Problem description:
Repeat verbatim each line from the line with "2,25m flerfärgade hůlka" to the end of the entries. Pictures do not belong in the copy.

Given records:
***
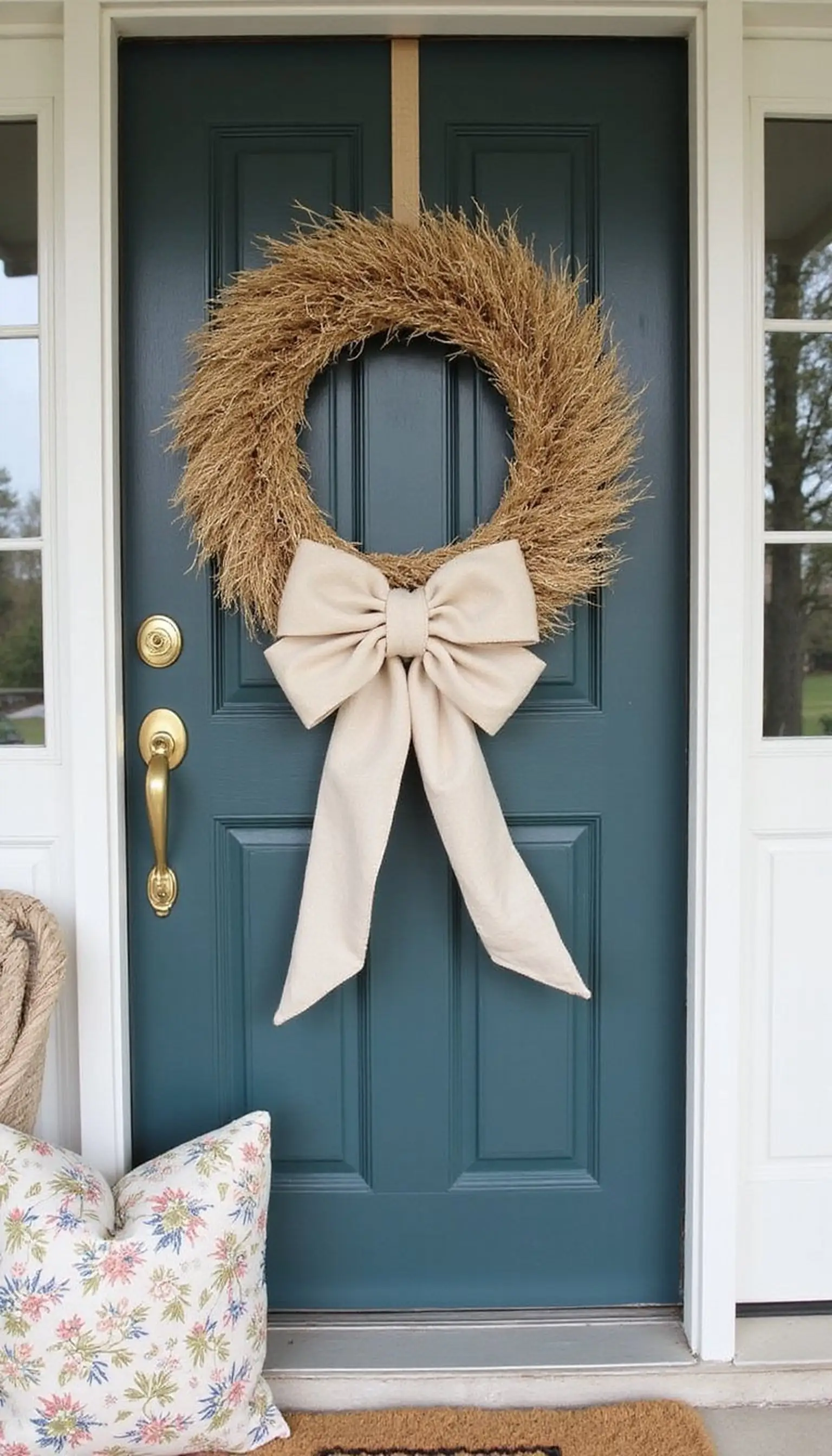 Layered ribbon wreath with an oversized bow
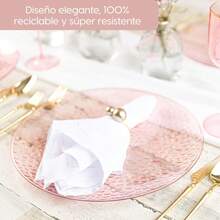 Juego De Platos Reutilizables Premium Para Fiesta 50 Pzas Alviria - Rosa - Ver 2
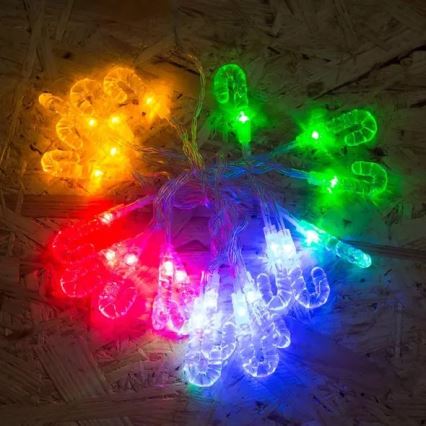 LED julkedja  20xLED 2,25m flerfärgade hůlka
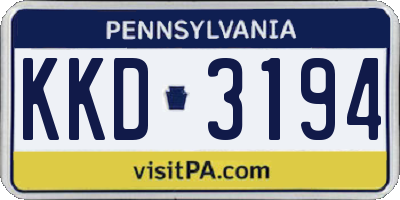 PA license plate KKD3194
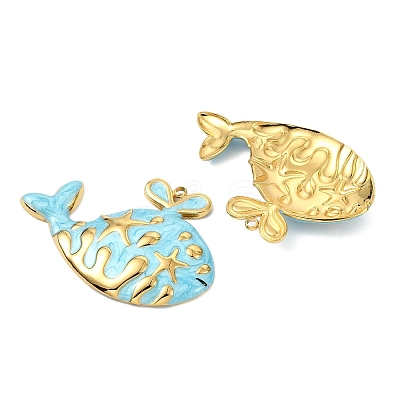 Ocean 304 Stainless Steel Enamel Pendants X-STAS-T076-08F-03G-1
***
Finished task:
 LED julkedja  20xLED 2,25m flerfärgade hůlka
 PA license plate KKD3194
 Ocean 304 Stainless Steel Enamel Pendants X-STAS-T076-08F-03G-1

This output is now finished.